→ WHAT NEEDS TO BE DONE: There is a line containing "出荷目安の詳細はこちら商品説" in the records below. Repeat it and every line after it, exactly, through the final line, but no pictures.

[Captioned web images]
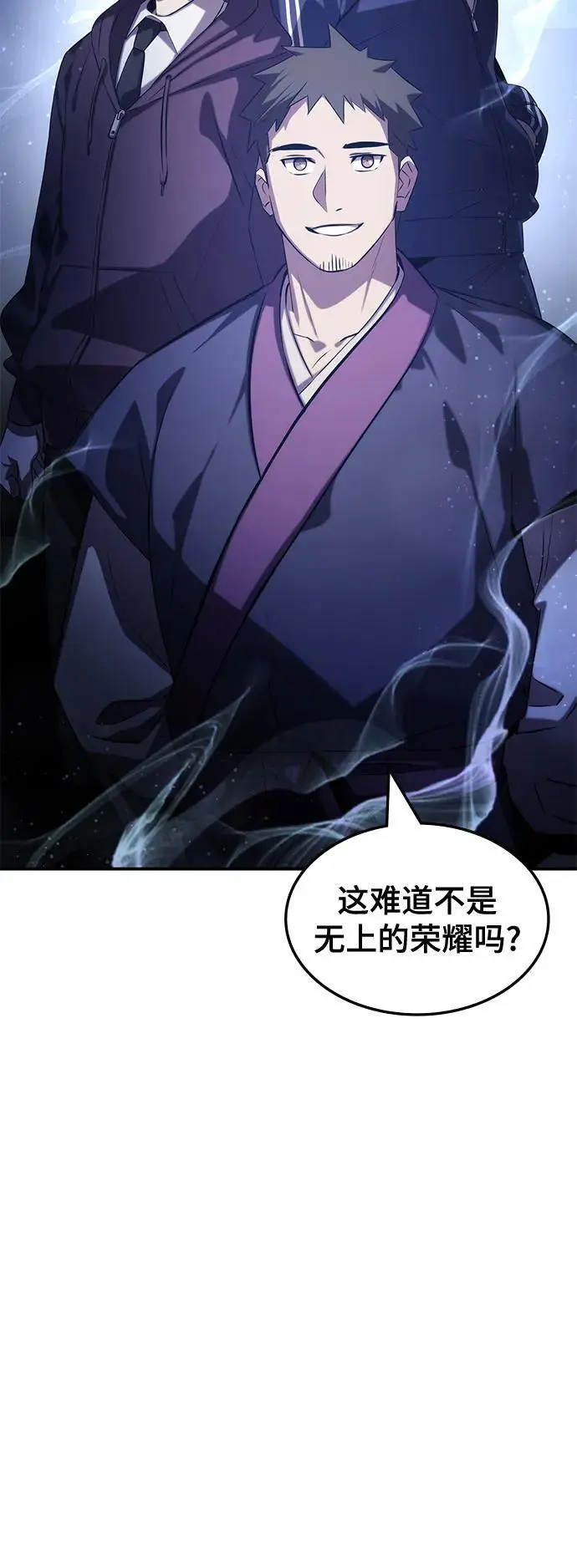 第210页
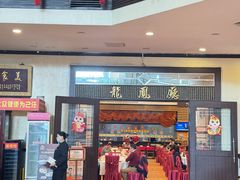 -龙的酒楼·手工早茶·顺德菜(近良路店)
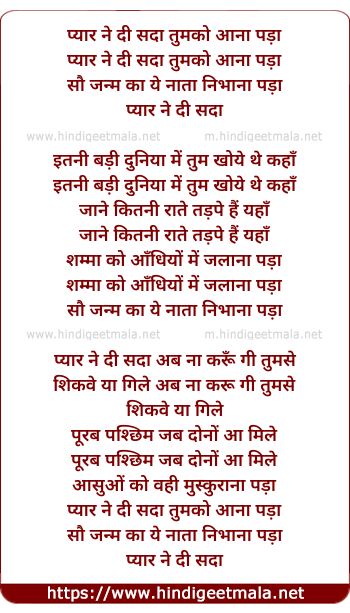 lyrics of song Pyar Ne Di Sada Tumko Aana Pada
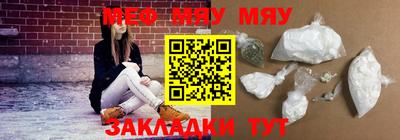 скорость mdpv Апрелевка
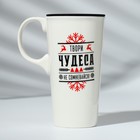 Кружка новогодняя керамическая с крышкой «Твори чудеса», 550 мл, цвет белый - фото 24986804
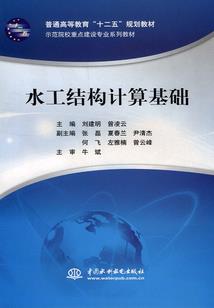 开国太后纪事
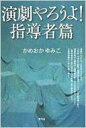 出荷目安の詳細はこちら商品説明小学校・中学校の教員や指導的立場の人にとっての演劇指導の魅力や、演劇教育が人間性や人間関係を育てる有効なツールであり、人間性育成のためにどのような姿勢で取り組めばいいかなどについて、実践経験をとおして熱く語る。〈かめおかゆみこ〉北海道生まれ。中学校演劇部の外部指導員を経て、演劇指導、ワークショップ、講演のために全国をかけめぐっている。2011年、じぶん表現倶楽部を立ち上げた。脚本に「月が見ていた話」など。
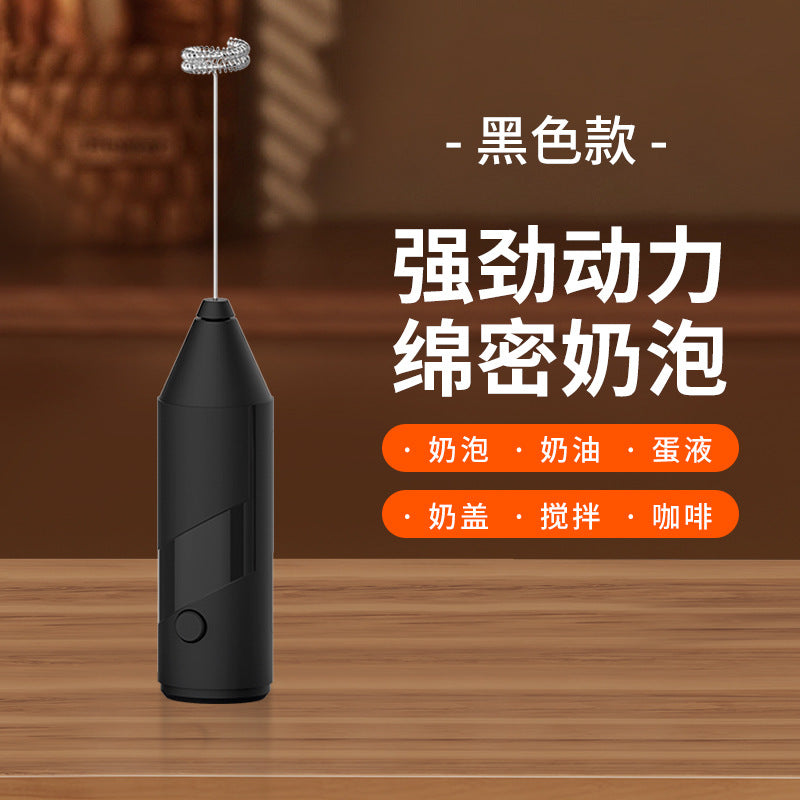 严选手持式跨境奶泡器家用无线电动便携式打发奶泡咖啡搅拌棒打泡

→ FINISHED TASK:
 出荷目安の詳細はこちら商品説明小学校・中学校の教員や指導的立場の人にとっての演劇指導の魅力や、演劇教育が人間性や人間関係を育てる有効なツールであり、人間性育成のためにどのような姿勢で取り組めばいいかなどについて、実践経験をとおして熱く語る。〈かめおかゆみこ〉北海道生まれ。中学校演劇部の外部指導員を経て、演劇指導、ワークショップ、講演のために全国をかけめぐっている。2011年、じぶん表現倶楽部を立ち上げた。脚本に「月が見ていた話」など。
 严选手持式跨境奶泡器家用无线电动便携式打发奶泡咖啡搅拌棒打泡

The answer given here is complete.